# Great day!



## reelhard86 (Jul 8, 2011)

Left out this morning heading to fish the elbow. We found 1 small weed line in blue/green water. We trolled for 2 hours and caught 1 mahi. We decided to stop trolling and deep drop. We picked up a few tile fish one weighted around 14lbs. I wanted to give trolling another try so we went to the steps. I found a great weed line in blue water. It had a lot of bait on it and was well defined. First 5 minunts we put a wahoo in the boat. After 3 hours we ended the day with 5 wahoo and 3 mahi in the boat.


----------



## cody&ryand (Oct 3, 2007)

That makes for a great day


----------



## cobe killer (Apr 13, 2008)

nice.
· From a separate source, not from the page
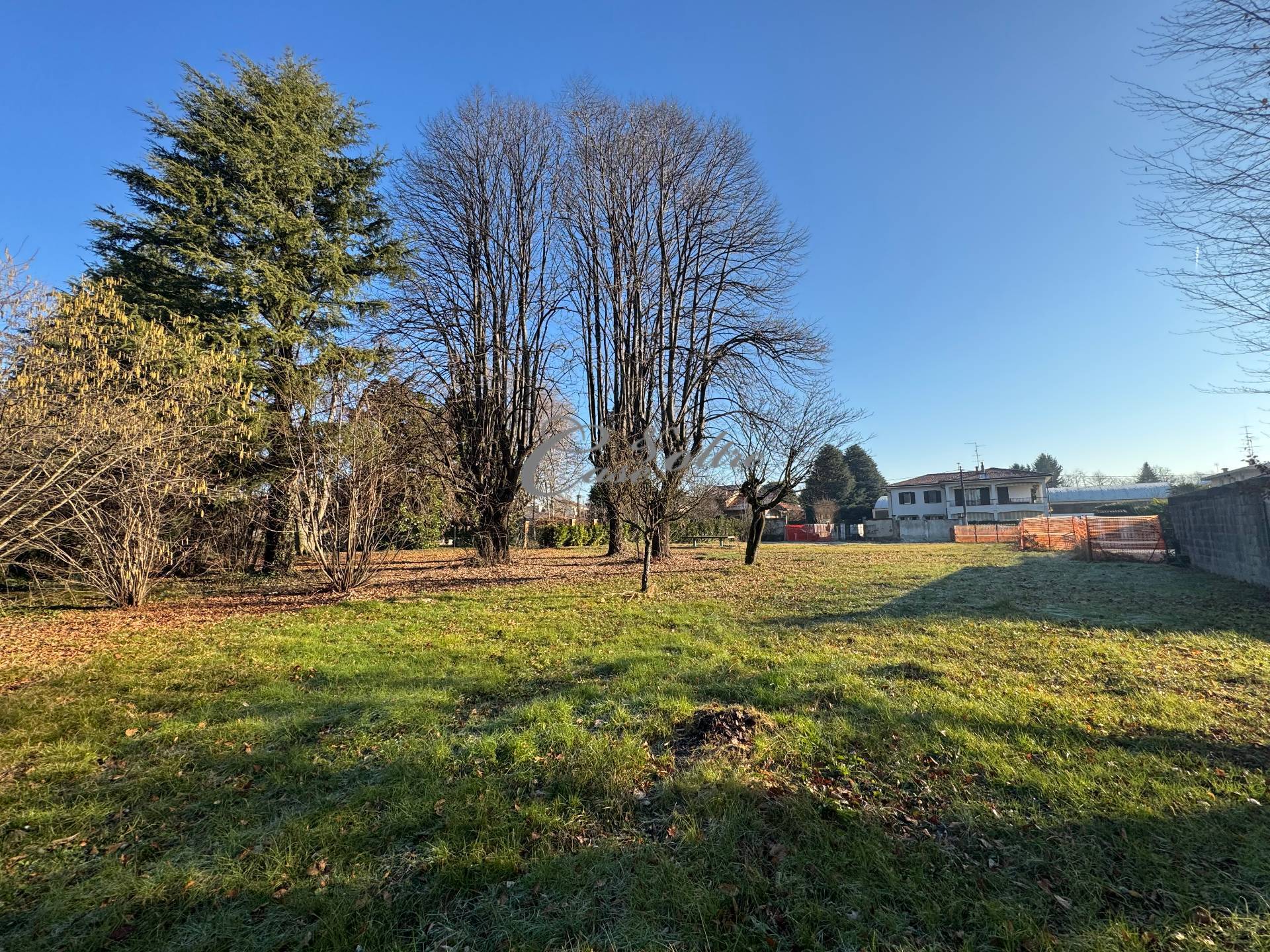Terreno edificabile residenziale in vendita a Rovellasca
I like the camo on the reel. have to try that some time if it will catch fish like that.lol


----------



## bcahn (Jan 10, 2013)

Great day for you guys, thx for sharing!


----------



## Sunshine17 (Dec 11, 2009)

Looks like a great day out there. Heard the rip offshore is awesome right now.


----------



## Jason (Oct 2, 2007)

Grilling time!!! Awesome trip fer ya'll guys!


----------



## hjorgan (Sep 30, 2007)

How far out did you finally find blue water?


----------



## reelhard86 (Jul 8, 2011)

Around 55 miles.


----------



## hjorgan (Sep 30, 2007)

Cool see you out there!


----------



## fishsticker (Jan 11, 2009)

Nice fish and thanks for the report


----------



## Kevinwwings2 (Mar 3, 2016)

Now that is a great day. Nice work.


----------